The “FL across Supercomputers” (FLaS) experiment

Objectives

The Federated Learning ​​across Supercomputing Experiment (FLaS) has been designed to explore three research directions:

1. The usage of supercomputers to train and fine-tune foundational AI models.
2. The possibility of using federated supercomputers to go beyond the computing capability of a single site by aggregating the computing power from different sites to solve more significant problems (e.g., training larger models).
3. Federated Learning (FL) can virtually pool different datasets while keeping each one private to its data owner.

To our knowledge, FLaS is the first experiment of federated training of foundational models across supercomputers.

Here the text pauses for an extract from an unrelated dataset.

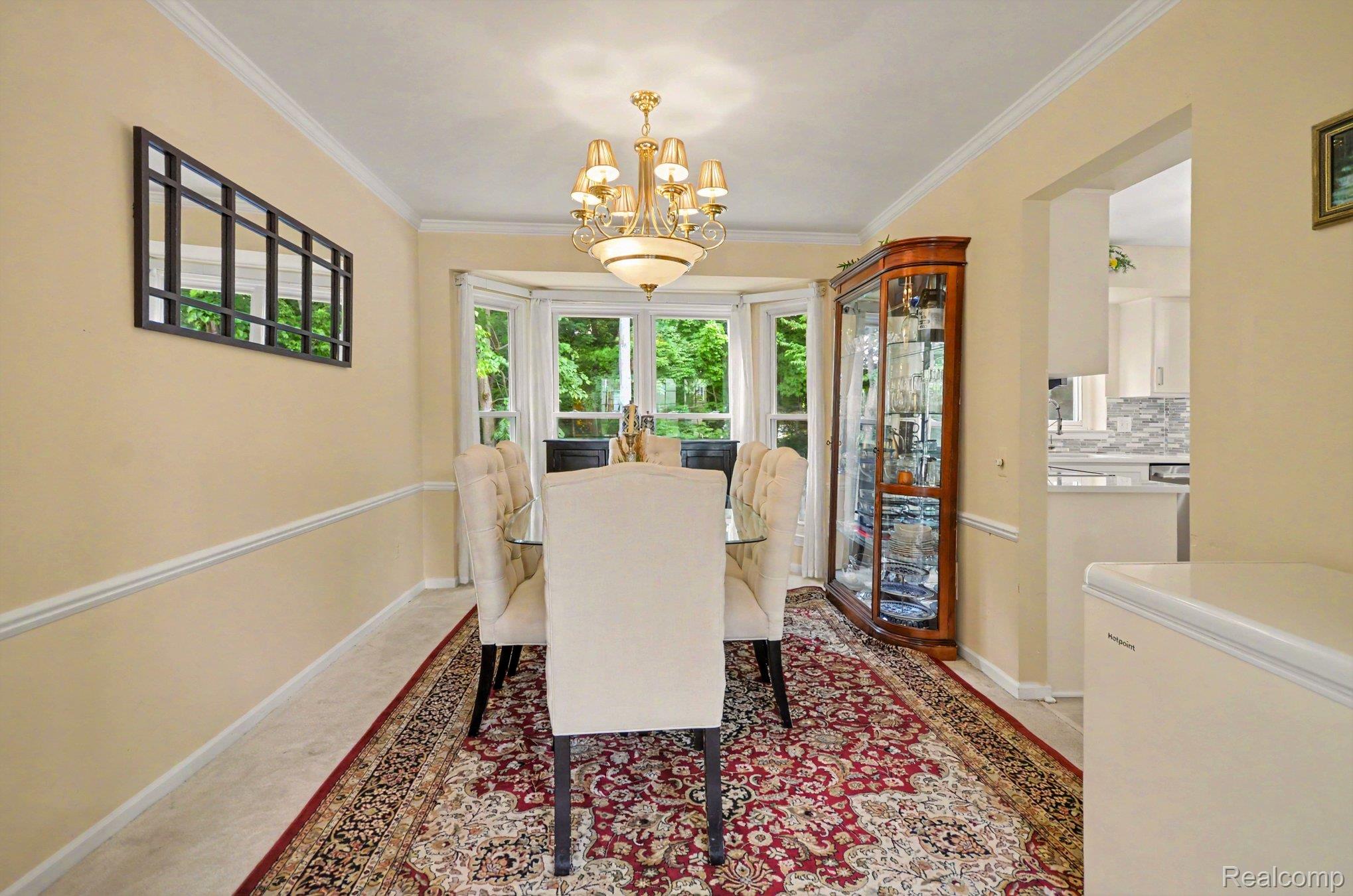 425 Thornridge Court Rochester, MI 48307 - Photo 14 of 35 Bay window dining area with crown molding, chair rail molding, and a chandelier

Visualizing Federated Learning (FL)

Recent years have been characterized by crucial advances in Artificial Intelligence (AI) systems. The ubiquitous availability of data sets and processing elements supported these advances. The consequent deployment of ML methods throughout many industries has been a welcome innovation, albeit one that generated newfound concerns across multiple dimensions, such as performance, energy efficiency, privacy, criticality, and security. Concerns about data access and movement are particularly felt by industrial sectors such as healthcare, defense, finance, and any other sector treating sensitive data of kind or the other. Federated Learning (FL) is a learning paradigm where multiple parties (clients) collaborate in solving a learning task using their private data. Importantly, each client’s local data never leaves the client’s systems since, in its most common configuration, clients collaborate by exchanging local models instead of moving the data. The aggregator collects and aggregates the local models to produce a global model. The global model is then sent back to the clients, who use it to update their local models. Then, using their private data, they further update the local model. This process is repeated until the global model converges to a satisfactory solution or a maximum number of rounds.

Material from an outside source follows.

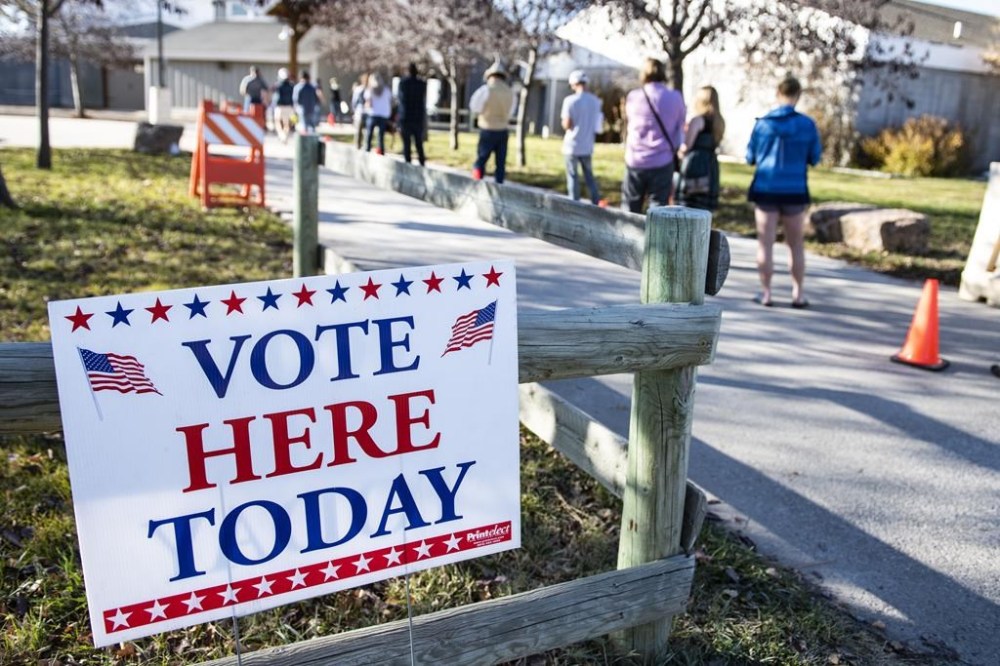 FILE - Patrons of the Gallatin County Fairgrounds wait in line to cast their ballots in Bozeman, Mont., Nov. 3, 2020. A federal judge in Montana has temporarily blocked a law that appeared to require people to cancel any previous voter registrations before signing up to vote in Montana or possibly face criminal charges. An attorney for the plaintiffs said the law wasn't clear about what was required to de-register. (AP Photo/Tommy Martino, file)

The FLaS experiment explained

The FLaS experiment aims to train the LLaMA-2 model on two EuroHPC supercomputers using the FL approach: Leonardo at CINECA (Italy) and Karolina at IT4Innovations (Czech Rep.). LLaMA-2 (Large Language Model Meta AI) is a state-of-the-art foundational large language model designed to help researchers advance their work in this subfield of AI. The experiment is a single bilingual model using two distinct language corpora, which are kept private at each site:

• The Italian Clean Common Crawl’s web crawl corpus (clean_mc4_it – 102GB), which is kept private in Italy within Leonardo storage;
• The Czech Common Crawl’s web crawl corpus (mc4_cs – 169GB), is kept private in the Czech Republic within Karolina storage.

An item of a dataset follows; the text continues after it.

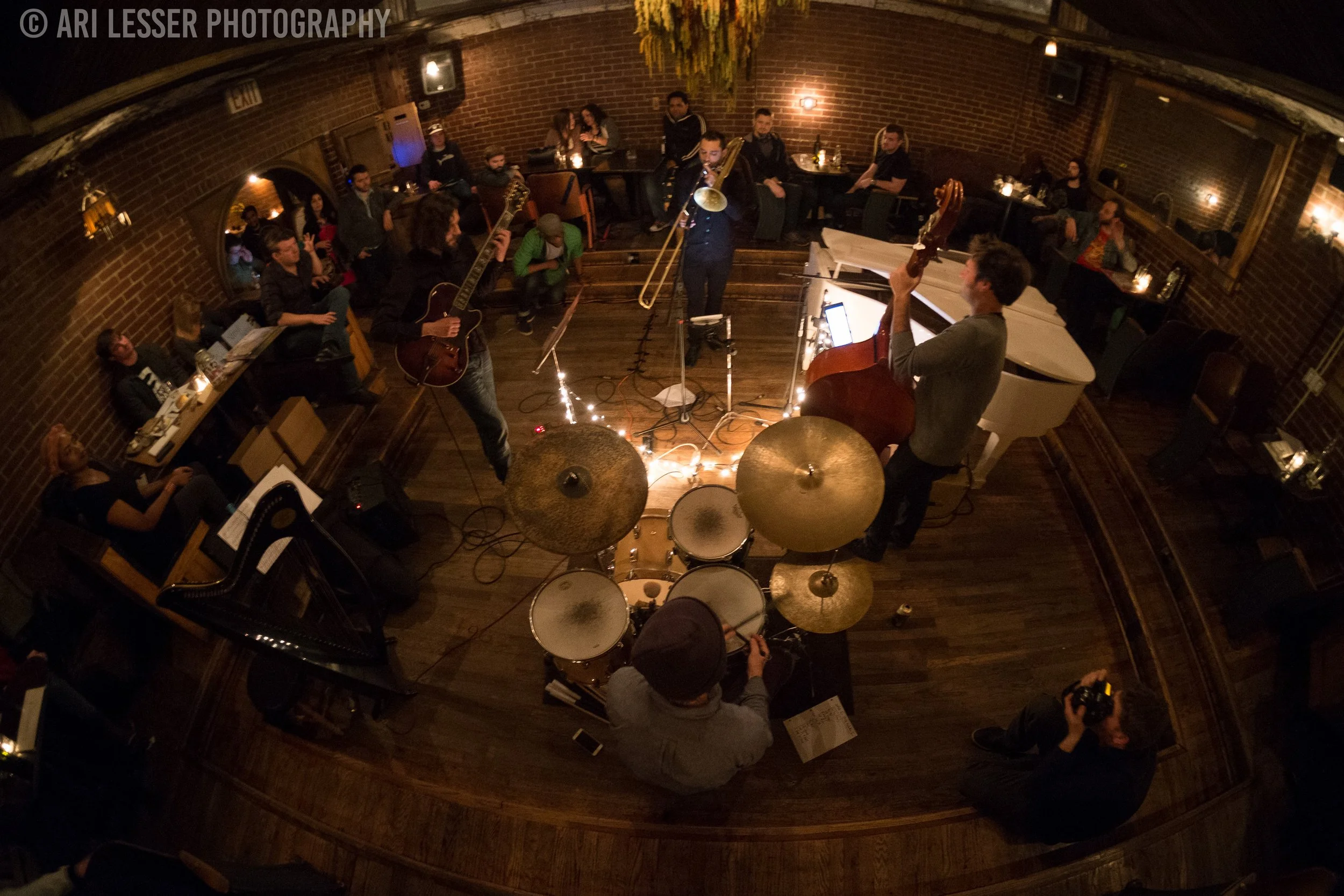 A band performs live music in a cozy, dimly lit venue with brick walls. Musicians include a guitarist, trombone player, upright bassist, and drummer. Audience members sit around tables, some enjoying drinks, while one person takes photographs.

The FL protocol is described by a cyclic workflow using the Common Workflow Language (CWL) and executed thanks to the Streamflow implementation [2], which supports distributed cloud-HPC workflow deployments. The execution of the FLaS workflow happens under the control of a Streamflow orchestrator running on a cloud VM, which produces SLURM jobs with input data (aggregated LLaMA model) to be submitted to different supercomputers and gathers results of the jobs (a set of LLaMA models, each of them further trained on each supercomputer) moving them to the orchestrator in the cloud for the aggregation step. Training and validation datasets remain stored on the owner’s supercomputer; they are never moved.

Methods and Tools

The FLaS experiment is a medium-scale experiment constructed on a previous small-scale experiment that appeared in the “Federated Learning meets HPC and cloud” paper [1], which described the federated training of VGG16 across the Marconi100 supercomputer (with MNIST dataset) and the HPC4AI@UNITO Openstack cloud (with the SVHN dataset). The approach is general enough to be reused in the FLaS medium-scale experiment, which, thanks to the flexibility offered by Streamflow, works with two supercomputers and much larger networks and datasets and works with the same workflow used in [1]. This does not mean that the two experiments exhibit the same deployment complexity: scalability is not a free lunch in nature, and the FLaS experiment itself is designed to study scalability problems of AI on supercomputers and to distill the methodology to make the training of foundational models scalable across one or more supercomputers.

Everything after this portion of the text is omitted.